Ponç presentó la caución que le solicitó el veguer y éste le entregó a Joana. Construyó en su huerto una habitación de dos metros y medio por metro veinte, hizo un agujero para que la mujer pudiera hacer sus necesidades, abrió aquella ventana por la que Joanet, alumbrado a los nueve meses del juicio y nunca reconocido por Ponç, se dejaba acariciar la cabeza y emparedó de por vida a su joven esposa.

– Padre -le susurró Arnau a Bernat-, ¿cómo era mi madre?, ¿por qué nunca me habláis de ella?

«¿Qué quieres que te diga? ¿Que perdió su virginidad bajo el empuje de un noble borracho? ¿Que se convirtió en la mujer pública del castillo del señor de Bellera?», pensó Bernat.

– Tu madre… -le contestó- no tuvo suerte. Fue una persona desgraciada.

Bernat escuchó cómo Arnau sorbía por la nariz antes de volver a hablar:

– ¿Me quería? -insistió el niño con la voz tomada.

– No tuvo oportunidad. Falleció al dar a luz.

– Habiba me quería.

– Yo también te quiero.

– Pero vos no sois mi madre. Hasta Joanet tiene una madre que le acaricia la cabeza.

– No todos los niños tienen…-empezó a corregirlo.

¡La madre de todos los cristianos…! Las palabras de los clérigos resonaron en su memoria.

– ¿Qué decíais, padre?

– Sí que tienes madre. Por supuesto que la tienes. -Bernat notó la quietud de su hijo-.A todos los niños que se quedan sin madre, como tú, Dios les da otra: la Virgen María.

– ¿Dónde está esa María?

– La Virgen María -lo corrigió-, y está en el cielo.

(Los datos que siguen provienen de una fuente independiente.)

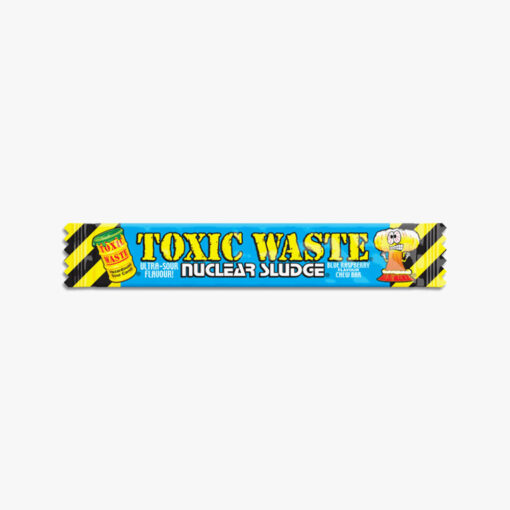 Toxic Waste Blue Raspberry Nuclear Sludge Chew Bar 20g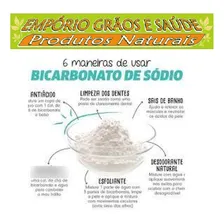 Bicarbonato De Sódio 1kg Foto mini  3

Arnau permaneció unos instantes en silencio antes de intervenir de nuevo:

– Y ¿para qué sirve una madre que está en el cielo? No me acariciará, ni jugará conmigo, ni me besará, ni…

– Sí que lo hará. -Bernat recordó con claridad las explicaciones que le había dado su padre cuando él hacía esas mismas preguntas-: Envía a los pájaros para que te acaricien. Cuando veas un pájaro, mándale un mensaje a tu madre y verás que vuela hacia el cielo para entregárselo a la Virgen María; después se lo contaran unos a otros y alguno de ellos vendrá a piar y a revolotear alegremente a tu alrededor.

– Pero yo no entiendo a los pájaros.

– Aprenderás a hacerlo.

– Pero nunca podré verla…

– Sí…, sí que puedes verla. La puedes ver en algunas iglesias, y hasta puedes hablarle.